“Nadie es indispensable en la vida” me decía hace unos años un colega cada vez que se acercaba la terminación de nuestro contrato. En esos tiempos de contratista, me acostumbré a la incertidumbre. Cada tres o cuatro meses me renovaban el contrato en una dinámica inmoral que tienen muchas empresas para evadir la ley y las posibles demandas de sus empleados. Creía hacer bien mi trabajo y vivía relativamente tranquilo durante los meses en que tenía seguro mi puesto, pero por más que los resultados fueran buenos, por más trabajo que me llevara a la casa o por más mañanas de sábados que tenía que regalarle a mi empresa, siempre, inevitablemente, me agarraba la angustia de que no me renovaran el contrato. Porque “nadie es indispensable en la vida” y menos en épocas de vacas flacas.
Mi amigo lo sabía y lo vivió en carne propia: un buen día lo echaron como a un perro luego de casi veinte años de lealtad y trabajo. Fue reemplazado por otro empleado más joven que, por un salario inferior, producía mejores resultados. Nadie volvió a hablar de mi amigo. Nadie lo extrañó.

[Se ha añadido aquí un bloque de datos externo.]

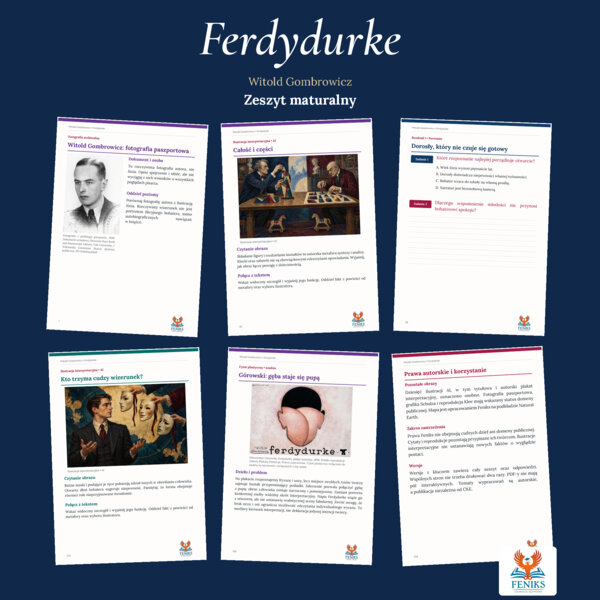 Ferdydurke — Witold Gombrowicz | Zeszyt maturalny: szczegółowe omówienie, 224 zadania i klucz odpowiedzi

Otro colega lloró el día que se lesionó Falcao. Sin “el Tigre” Colombia no tendría mayores opciones en el Mundial, pensaba. No fue el único. Creo que aquella tarde de enero en la que el defensa aficionado Soner Ertek lesionó a nuestro goleador, las esperanzas de muchos se marchitaron. Pero llegó el Mundial y en pocos días los amores hacia uno se volcaron hacia otro: James se robó el show y de la mano de sus seis goles, logró que la Selección Colombia hiciera historia. Nadie extrañó a Falcao entonces.
Lo mismo nos pasa en el amor: creemos que nuestra pareja es irremplazable hasta que la burbuja de la idealización se rompe y vemos con asombro que como todos, también tiene muchos defectos; o peor aún, no nos damos cuenta sino hasta cuando nos atrevemos a reemplazarla por una nueva idealización. Y la vida sigue. Y hasta es mejor que antes. Bastaba con abrir los ojos y mirar un poquito más allá para ver las oportunidades que la vida nos ofrecía.
En fin. Lo anterior para decir que quiero que Pékerman se vaya. Sé que es un gran técnico de fútbol y me parece una mejor persona; nos ayudó a derrumbar los altares en que teníamos al Tino y compañía, y nos demostró que lo importante no es ser un gran futbolista sino ser un ciudadano disciplinado y decente. O, al menos, eso fue lo que yo le aprendí.
Por eso quisiera que con su partida nos de otra gran lección a los colombianos: que entendamos de una vez por todas que el fanatismo también es una especie de ceguera y que como decía mi amigo, no hay nadie irremplazable en esta vida. Ya vendrán otros técnicos para nuestra selección, tal vez mejores. Si hasta el Vaticano le encontró reemplazo a Benedicto XVI, no veo por qué los dirigentes de la Federación Colombiana de Fútbol, por ineptos que puedan ser, no logren conseguir a otro de su altura.
Que se vaya Pékerman y que le vaya bien. Y que se lleve consigo el hálito divino que le confeccionamos con nuestro fanatismo parroquial.